Avanzando lentamente, dos hombres dieron la vuelta al recodo, con las chaquetas al brazo y los acalorados rostros relucientes de sudor. Conversaban en tono muy cordial y parecían ser buenos camaradas. A poca distancia, los seguía el gran oso negro, husmeando las huellas de los dos amigos.
Cuando el camino dio la vuelta en torno de una roca, uno de los hombres advirtió al enorme animal que avanzaba a grandes pasos hacia ellos. Lanzó un grito y, olvidando a su amigo. se lanzó hacia un árbol cercano. Trepó como un mono por el tronco, hasta ponerse a salvo sobre una rama. Pero su amigo era viejo y no podía subir.
Al verse abandonado, miró a su alrededor afligido, buscando un escondite. La carretera cruzaba un claro; y salvo el árbol, la tierra se extendía, lisa y uniforme, en todas direcciones.

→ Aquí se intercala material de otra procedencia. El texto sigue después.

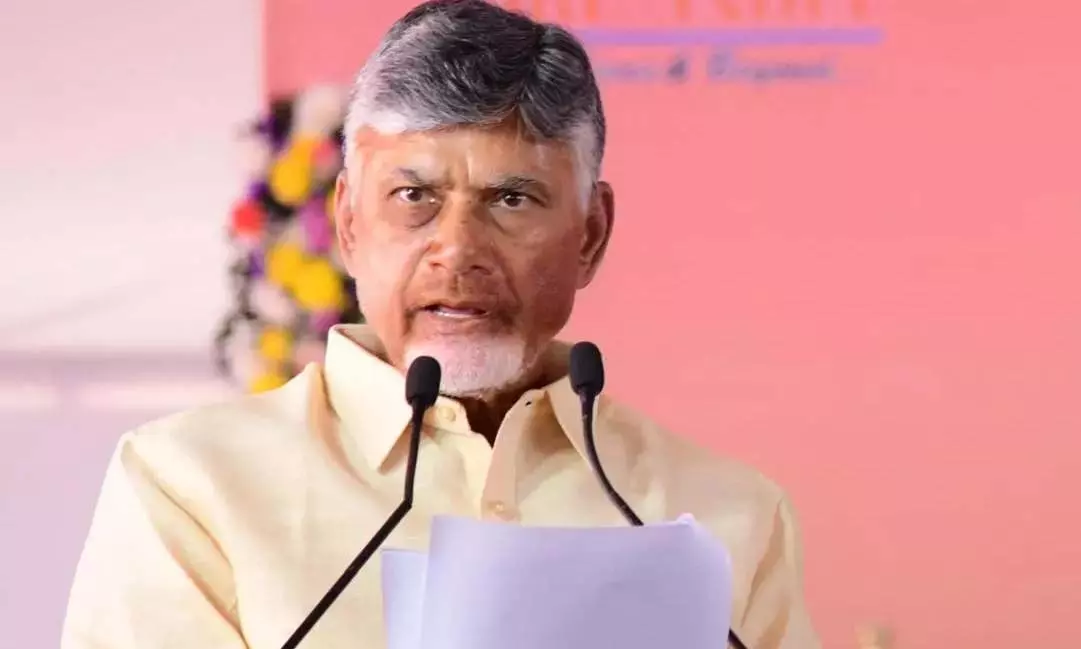 CM Naidu ने सांसदों से केंद्र पर दबाव डालकर धन-परियोजनाएं लाने को कहा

Desesperado, se dejó caer al suelo y se tendió boca abajo sobre la hierba. Y allí se quedó sin moverse ni respirar, fingiéndose muerto.
El oso lo hurgó con su frío hocico y le gruñó en el oído. Transcurrió algún tiempo, que pareció interminable. Finalmente, el corpulento animal llegó a la conclusión de que aquel hombre estaba muerto y se fue.
El más joven de los dos amigos, sentado a horcajadas sobre la rama, había observado atentamente mientras sucedía todo esto, atreviéndose a duras penas a respirar. Cuando el oso desapareció, se dejó caer al suelo.
-¿Qué secreto te murmuró el oso al oído? -preguntó con curiosidad.
-¿El oso? -dijo el mayor de los amigos, cuyo corazón latía aún con violencia-. ¡Oh! Me dijo que me cuidara de hacer amistad con un hombre que lo deja a uno en la estacada a la hora del peligro y no trata de ayudarlo.